__What this task involves__: Copy word for word the lines of the records below, beginning at the one with "Erickson 59700 White" and finishing at the one with "AIR WEDGE องศา", ends included, but none of the pictures.

─── Extracted data

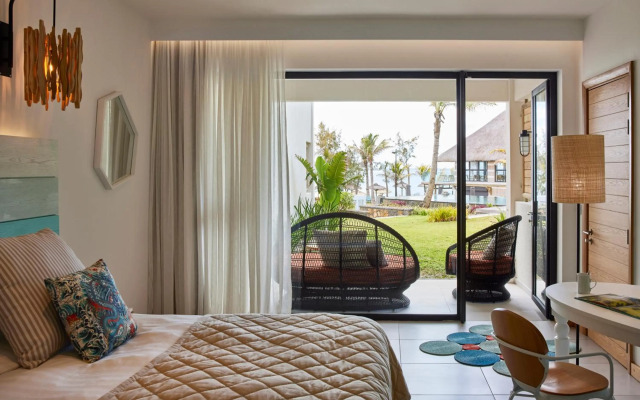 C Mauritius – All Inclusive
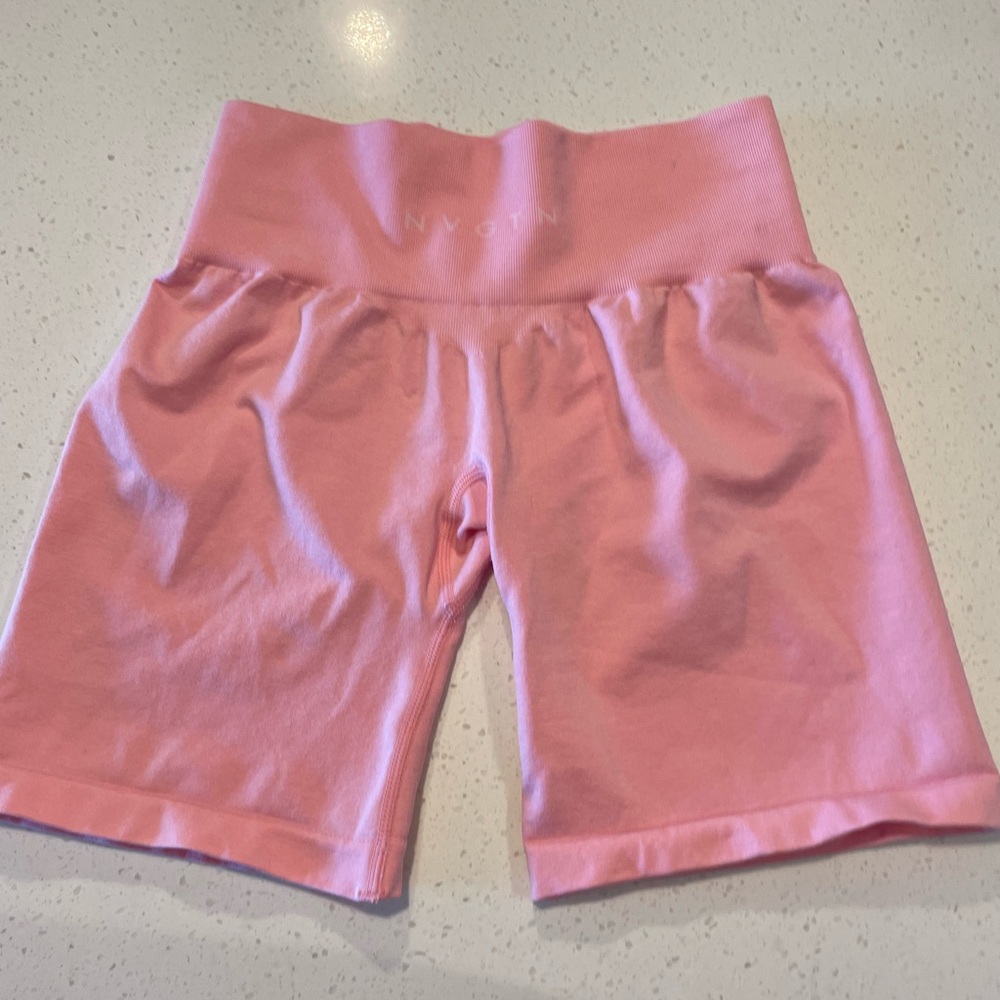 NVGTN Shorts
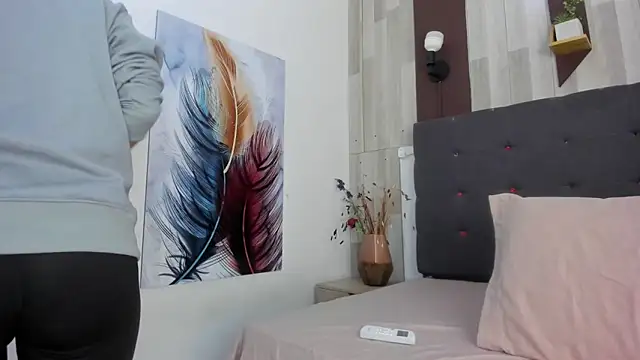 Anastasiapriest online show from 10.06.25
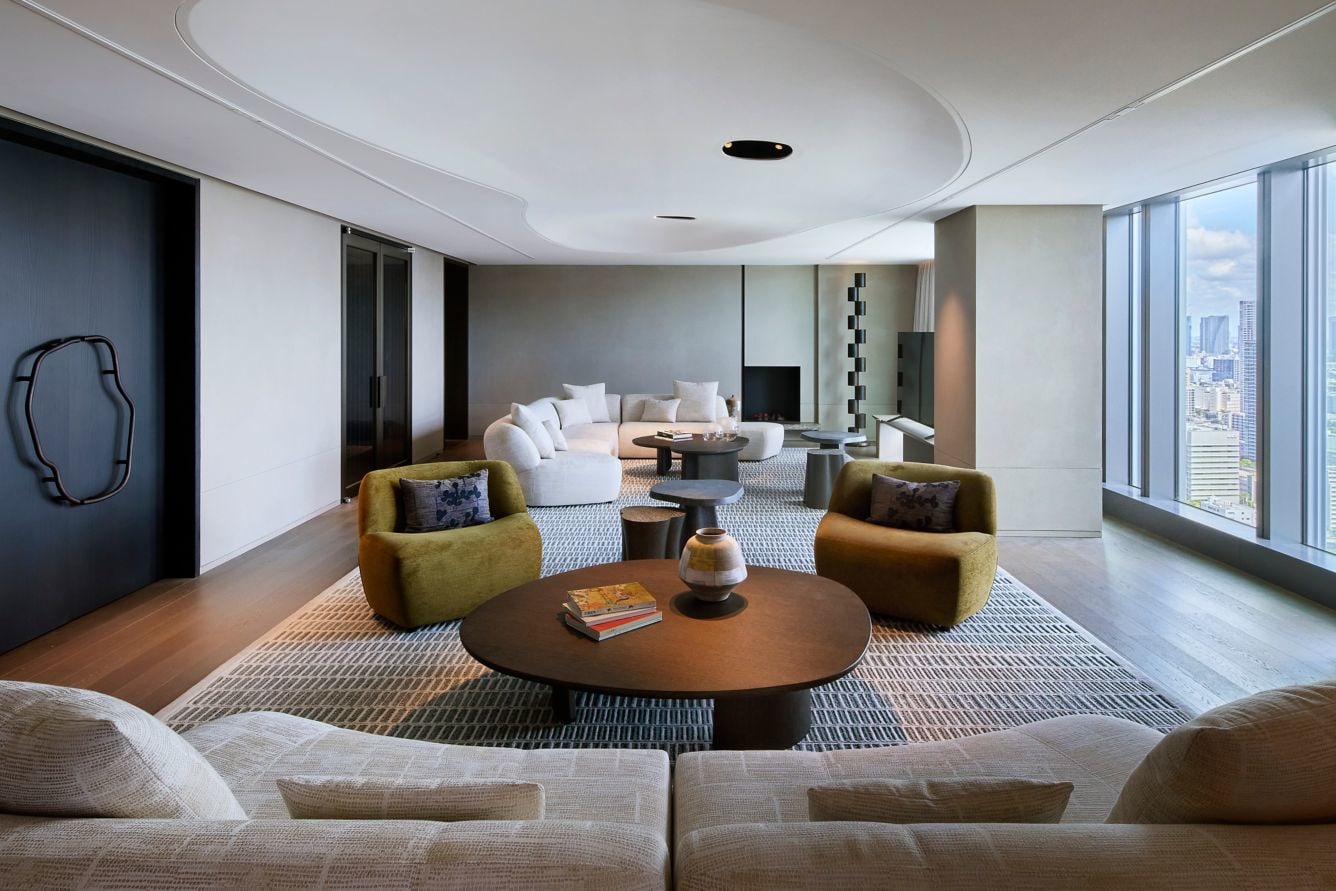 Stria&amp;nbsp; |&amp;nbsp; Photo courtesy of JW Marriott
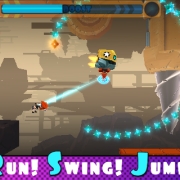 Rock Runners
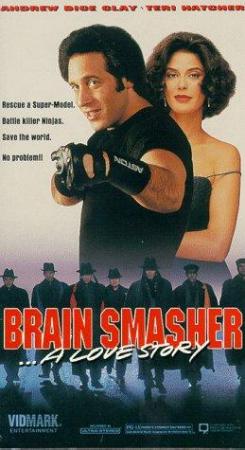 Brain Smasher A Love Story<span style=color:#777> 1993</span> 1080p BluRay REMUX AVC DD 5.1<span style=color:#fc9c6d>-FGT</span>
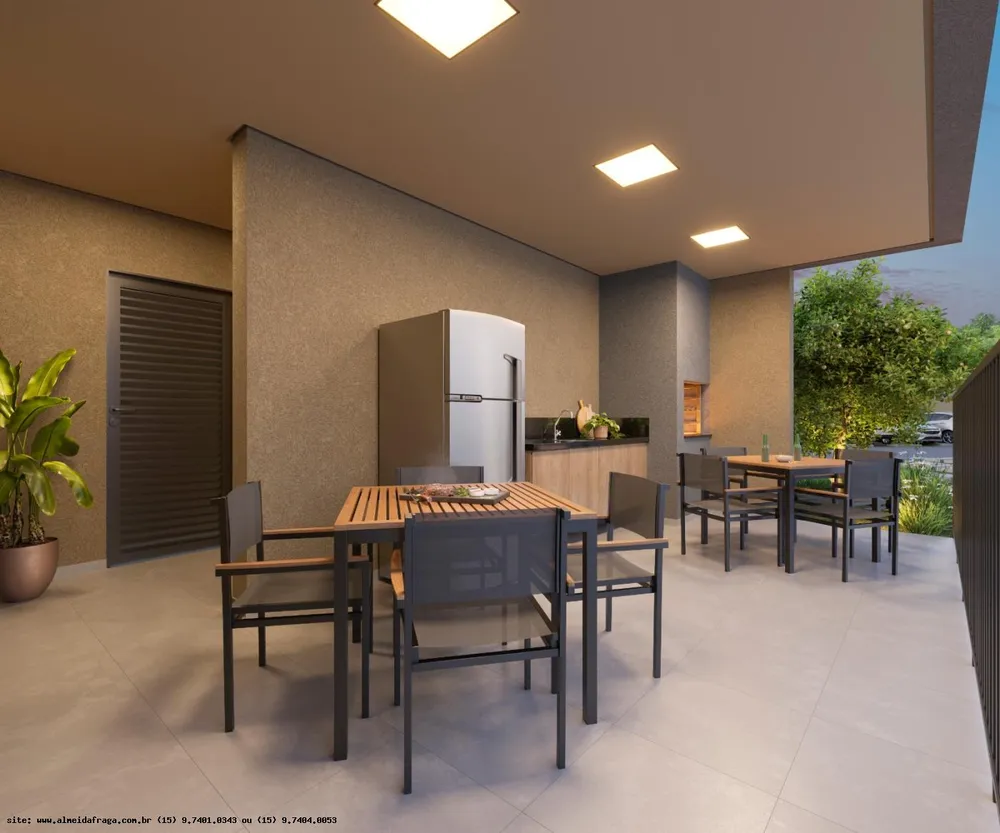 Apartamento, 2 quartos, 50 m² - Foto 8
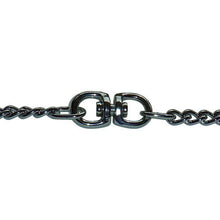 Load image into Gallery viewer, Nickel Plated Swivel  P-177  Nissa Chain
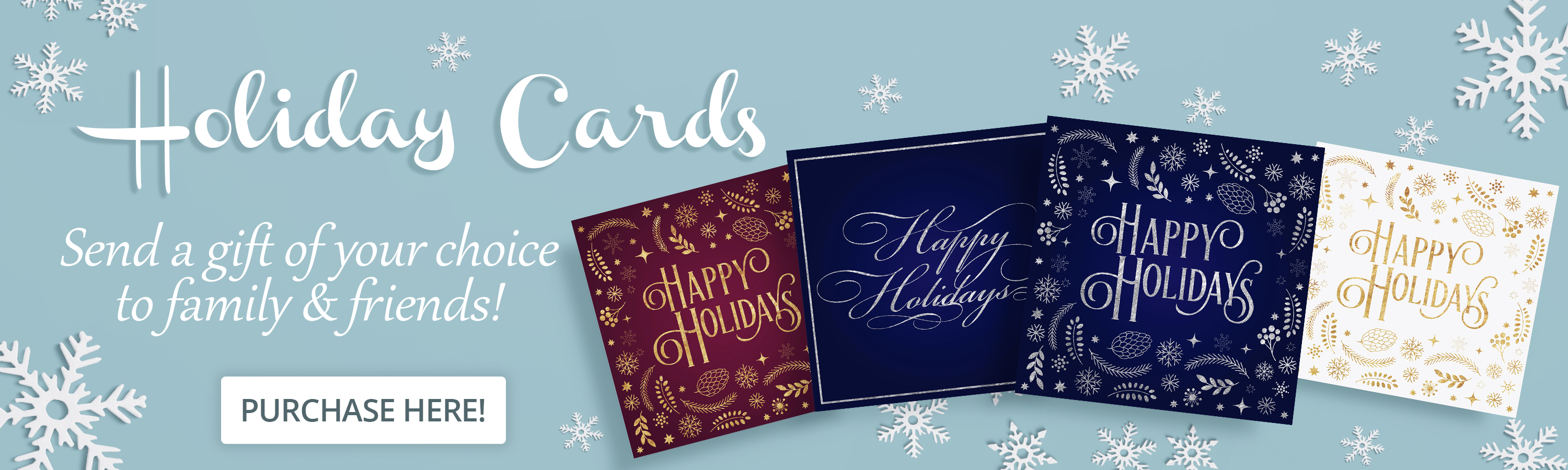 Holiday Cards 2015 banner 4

──────
─── Extracted data

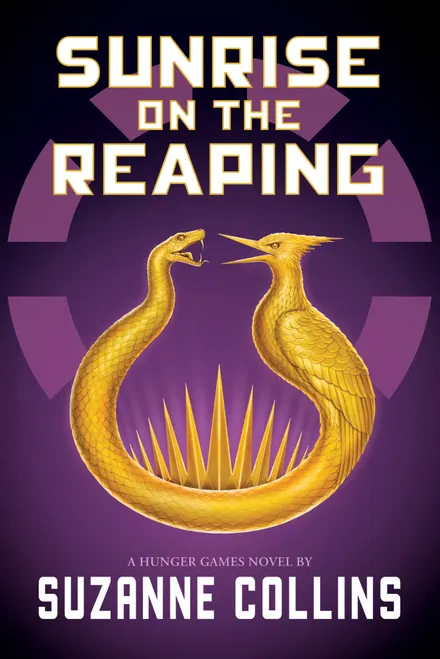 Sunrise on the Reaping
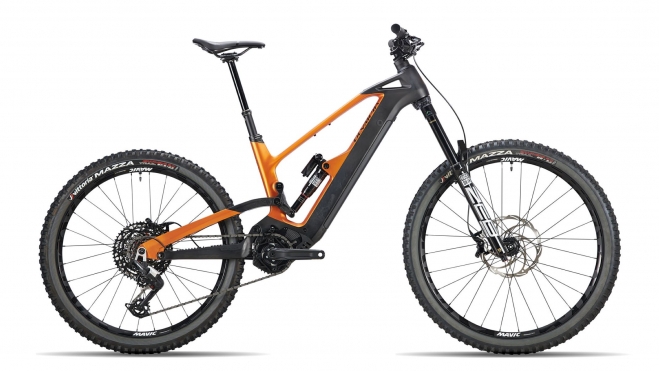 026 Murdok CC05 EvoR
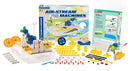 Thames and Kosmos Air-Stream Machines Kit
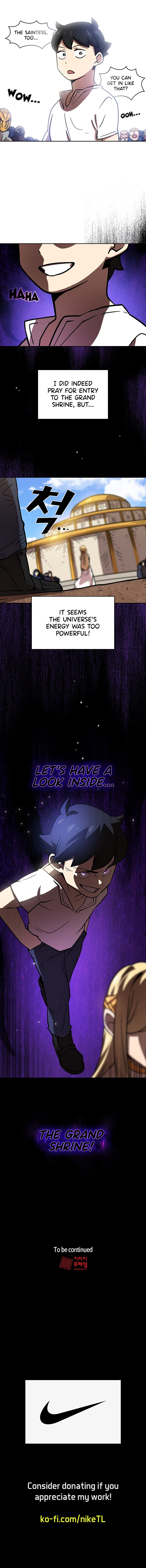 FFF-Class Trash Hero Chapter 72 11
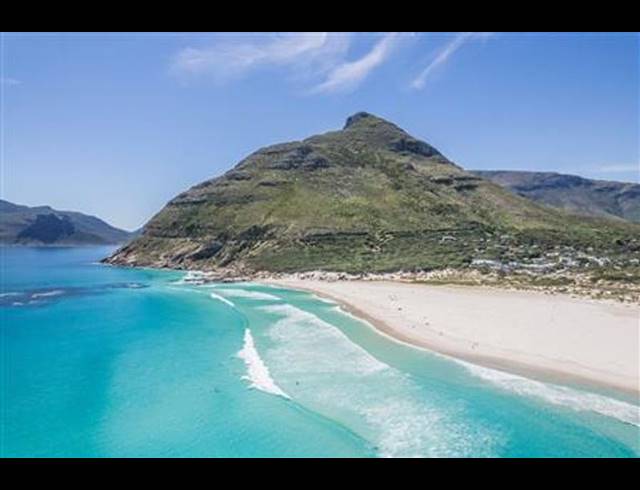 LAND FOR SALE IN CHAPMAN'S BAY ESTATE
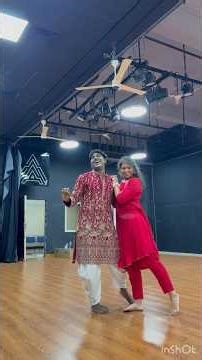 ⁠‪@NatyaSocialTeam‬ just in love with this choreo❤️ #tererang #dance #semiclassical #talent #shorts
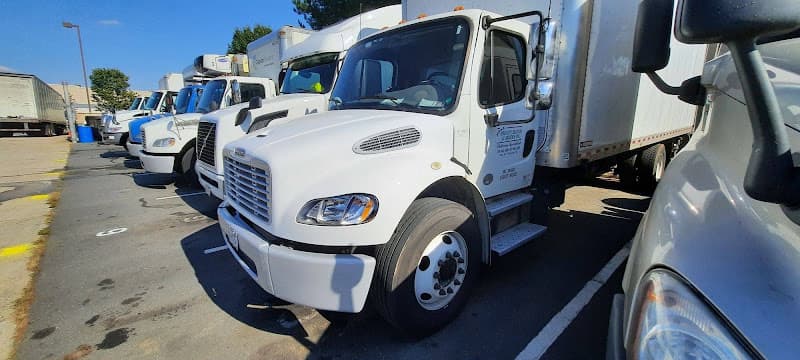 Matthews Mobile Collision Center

──────
─── Extracted data

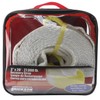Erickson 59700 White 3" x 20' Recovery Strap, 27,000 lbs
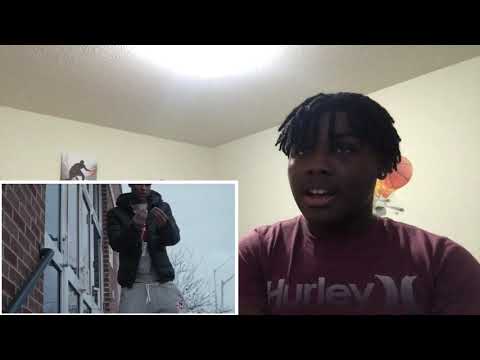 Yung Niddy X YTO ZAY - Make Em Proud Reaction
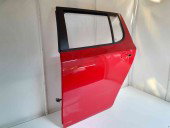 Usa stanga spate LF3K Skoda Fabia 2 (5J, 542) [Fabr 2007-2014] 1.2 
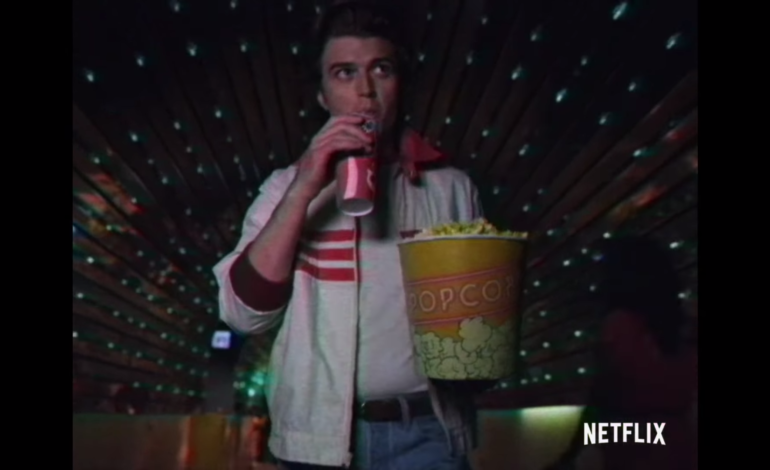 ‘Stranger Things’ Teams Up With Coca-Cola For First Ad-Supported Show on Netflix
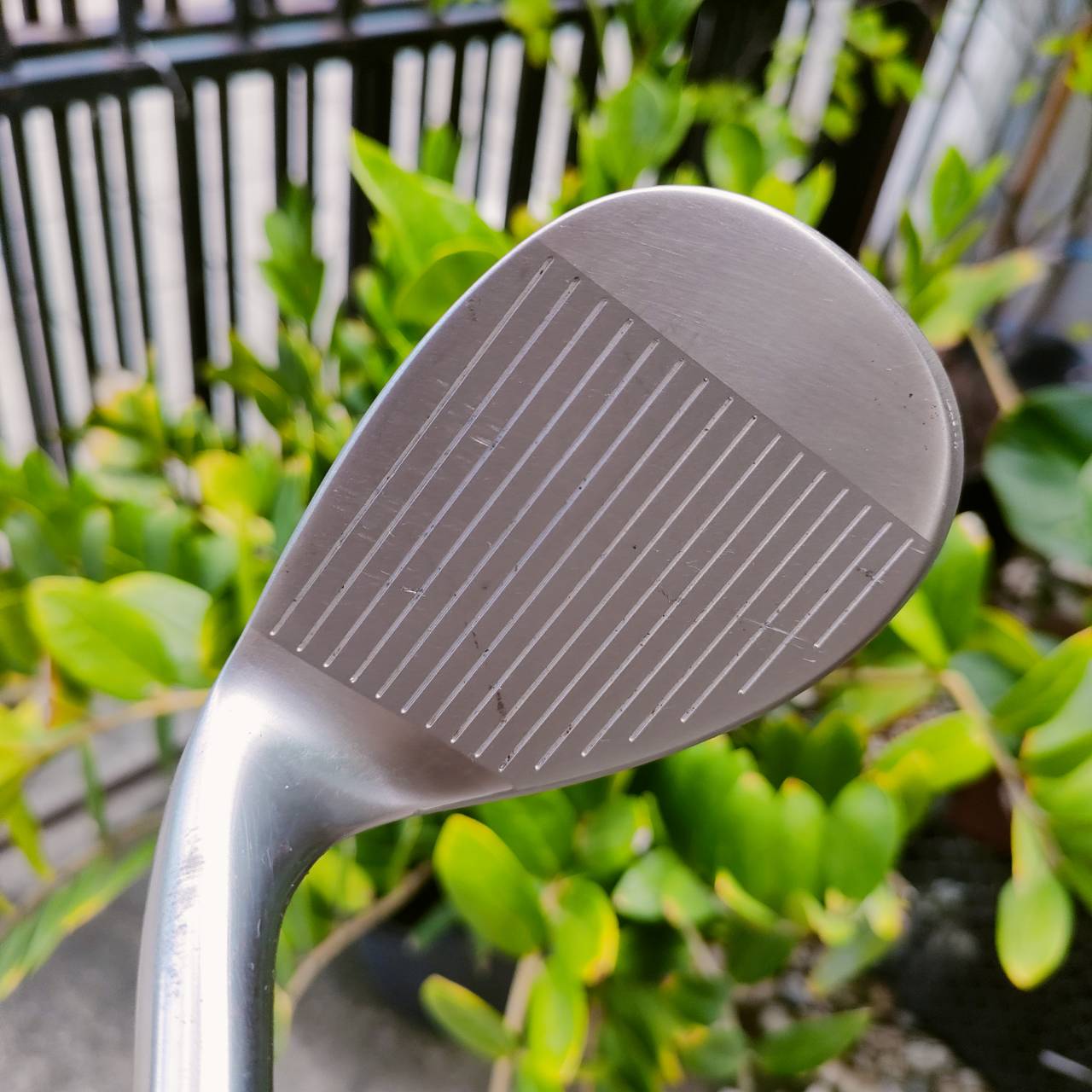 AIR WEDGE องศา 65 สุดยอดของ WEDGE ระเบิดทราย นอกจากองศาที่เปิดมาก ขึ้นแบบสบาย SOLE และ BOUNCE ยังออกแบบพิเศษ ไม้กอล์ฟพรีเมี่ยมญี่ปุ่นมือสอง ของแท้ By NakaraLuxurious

──────

__Response to the task__:
Erickson 59700 White 3" x 20' Recovery Strap, 27,000 lbs
 Yung Niddy X YTO ZAY - Make Em Proud Reaction
 Usa stanga spate LF3K Skoda Fabia 2 (5J, 542) [Fabr 2007-2014] 1.2 
 ‘Stranger Things’ Teams Up With Coca-Cola For First Ad-Supported Show on Netflix
 AIR WEDGE องศา 65 สุดยอดของ WEDGE ระเบิดทราย นอกจากองศาที่เปิดมาก ขึ้นแบบสบาย SOLE และ BOUNCE ยังออกแบบพิเศษ ไม้กอล์ฟพรีเมี่ยมญี่ปุ่นมือสอง ของแท้ By NakaraLuxurious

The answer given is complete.